03.2ag: SQL

SQL (Structured Query Language) databases are commonly used to store information that is highly regular and strongly typed. In addition, such databases support transactional properties such as atomicity, consistency, isolation, and durability. Most cloud providers support managed SQL databases that obviate the need for the developer to manually install servers themselves. In this codelab, we will practice the basics of the SQL language and show how SQL databases can be quickly brought up in the cloud.

Visit the SQL quiz at https://www.w3schools.com/sql/sql_quiz.asp.

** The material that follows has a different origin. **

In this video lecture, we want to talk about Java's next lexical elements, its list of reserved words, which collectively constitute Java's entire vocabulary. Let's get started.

Take the quiz and include a screenshot with your OdinID on it of the "Check your answers" page at the end of the quiz.

You do not have to be perfect, but check the ones you got incorrect.

Google Cloud Platform's Cloud SQL provides a drop-in replacement for a variety of SQL databases that one can run. In this section, we will create a managed MySQL database within Cloud SQL, set up its tables, and then query it using standard MySQL tools.

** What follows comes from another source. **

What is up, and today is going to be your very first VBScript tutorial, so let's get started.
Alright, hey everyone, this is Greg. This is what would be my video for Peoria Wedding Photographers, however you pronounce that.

To begin with, bring up a session in Cloud Shell. Within Cloud Shell, download the database files and change into the lab directory

git clone https://github.com/GoogleCloudPlatform/training-data-analyst

cd training-data-analyst/CPB100/lab3a

Examine the data definition language (DDL) commands in cloudsql/table_creation.sql that specify the schema and answer the following questions:

What are the names of the tables that are created?
What are the primary keys of each table?
What data (e.g. columns) does the Accommodation table hold?

Examine the data that fills in these tables at cloudsql/accommodation.csv. Find the accommodations in Dublin within the file, then answer the following question.

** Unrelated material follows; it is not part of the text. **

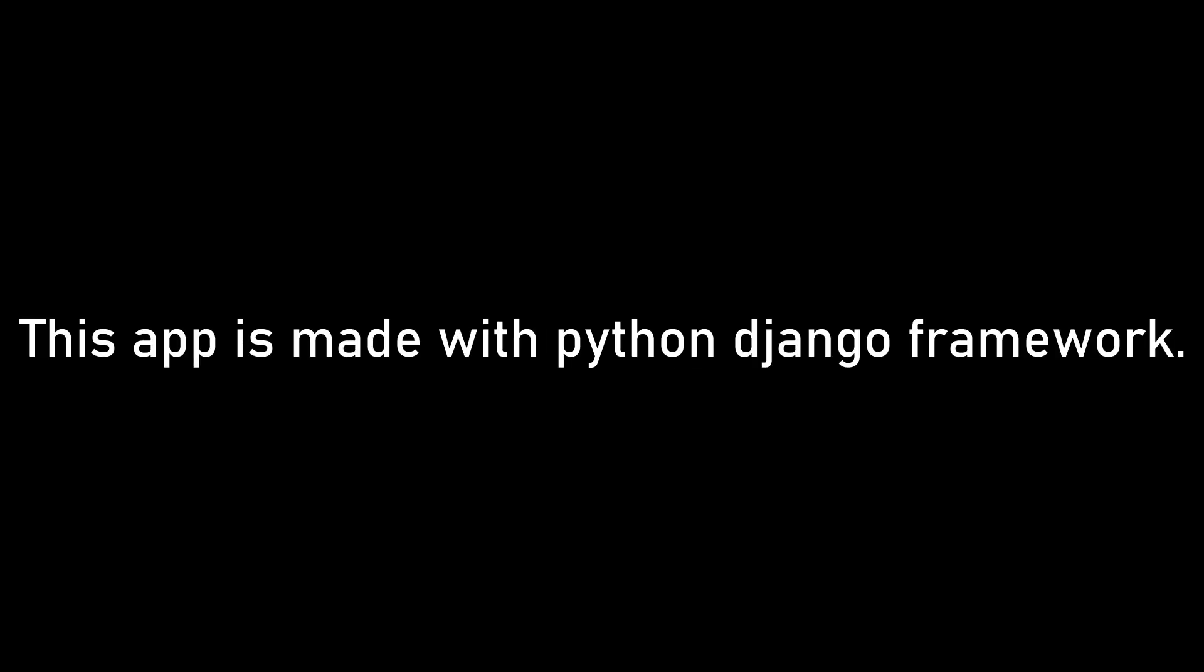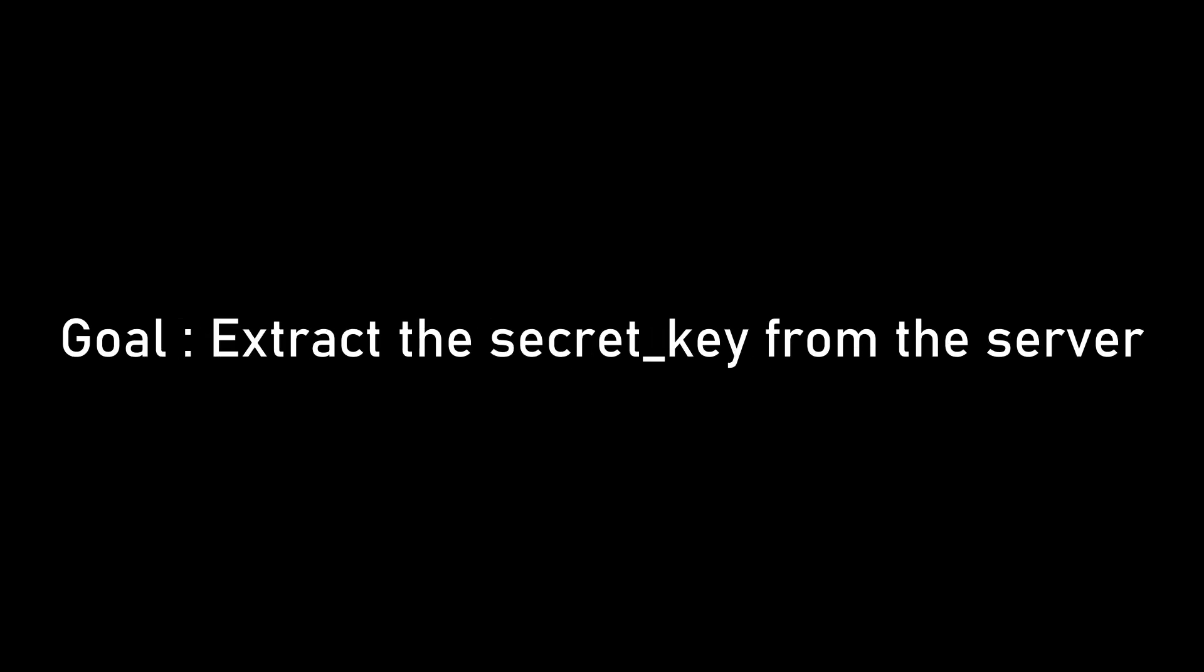So I made this web app using Python Django web framework and I intentionally included a vulnerability. The goal of this challenge is to extract the security key that is stored on the server.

Assuming the column data is ordered as in the DDL, list the attributes and their values for each accommodation in Dublin.

We will now stage these files on a storage bucket so that the Cloud SQL service can use them when creating and initializing a server for us. From Cloud Shell, create a regional storage bucket in us-west1 with a unique name. Note that the letters used in the name must be all lowercase.

gsutil mb -c regional -l us-west1 gs://<BUCKET-NAME>

Then, copy the files from the cloudsql directory over to it.

gsutil cp cloudsql/* gs://<BUCKET-NAME>/sql/

In subsequent steps, we will be accessing our SQL database from Cloud Shell. To enable access, we must first find the external IP address of the Cloud Shell session. There are a variety of sites that will report back the IP address of a web request. To do so for your Cloud Shell session, run the following command and record your session's IP address.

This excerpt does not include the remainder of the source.